To develop a test for detection of Haemobartonella felis, using a polymerase chain reaction (PCR) assay.


4 adult cats seronegative for FeLV and feline immunodeficiency virus.


Cats were infected with H felis by IV administration of 1 ml of blood obtained from an infected cat. Rectal temperature, PCV, and microscopic examination of blood smears for organisms were monitored daily. At peak of infection, doxycycline treatment was initiated for 21 days. Blood samples were collected at weekly intervals. Six months after treatment, 2 cats were given methylprednisolone (14 mg/kg of body weight, IM). Daily blood samples were collected for CBC, detection of organisms, and PCR evaluation. On the basis of the 16S rRNA gene sequence of H felis,specific PCR primers were created for a 393-basepair internal fragment.

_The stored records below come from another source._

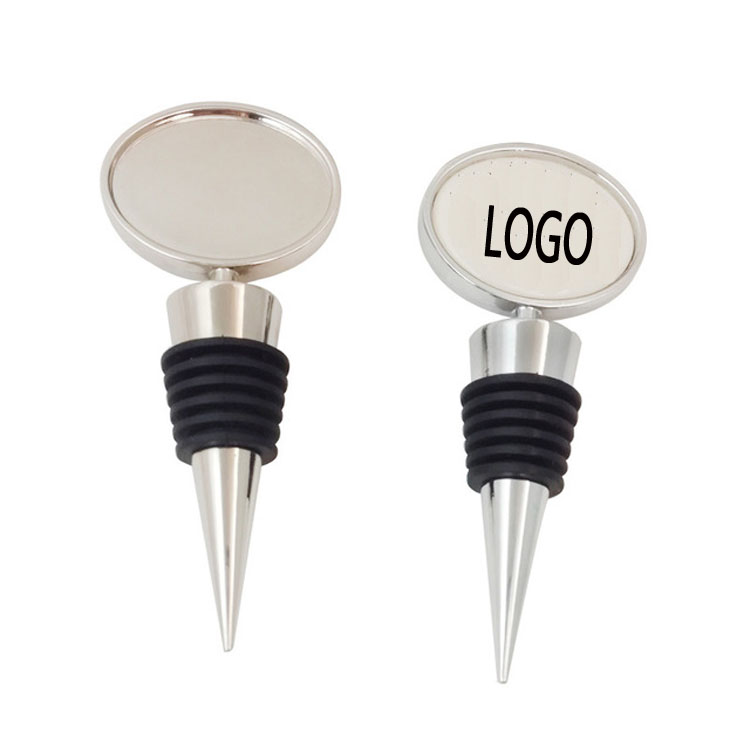 Wine Bottle Stopper 3
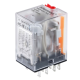 0.0.0.8.20020 Проміжне реле KMY400730LT 4PCO, 230V AC, 5A, LED\Тест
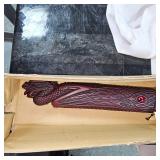 Ornate, Like New, Sword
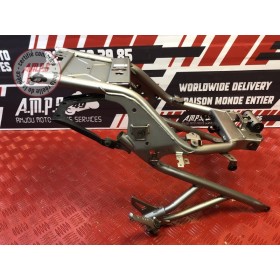 Boucle arriereFZ605AX-276-LNB6-E51386865used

The 393-basepair product was consistently amplified from blood samples obtained during peak parasitemia but not during the last week of or immediately after completion of doxycycline treatment. After treatment, PCV returned to the reference range, and organisms were not observed in blood samples; however, the PCR product could be consistently amplified. After administration of methylprednisolone, organisms were only rarely observed in blood smears but were consistently detected by PCR analysis.

Clinical Relevance

Using PCR analysis, it was possible to detect H felisin blood samples obtained from cats during peak parasitemia, during most of the carrier phase, and after challenge with immunosuppressive drugs. During and immediately after antibiotic treatment, this test may fail to detect the organisms. (Am J Vet Res1998;59:1215–1220)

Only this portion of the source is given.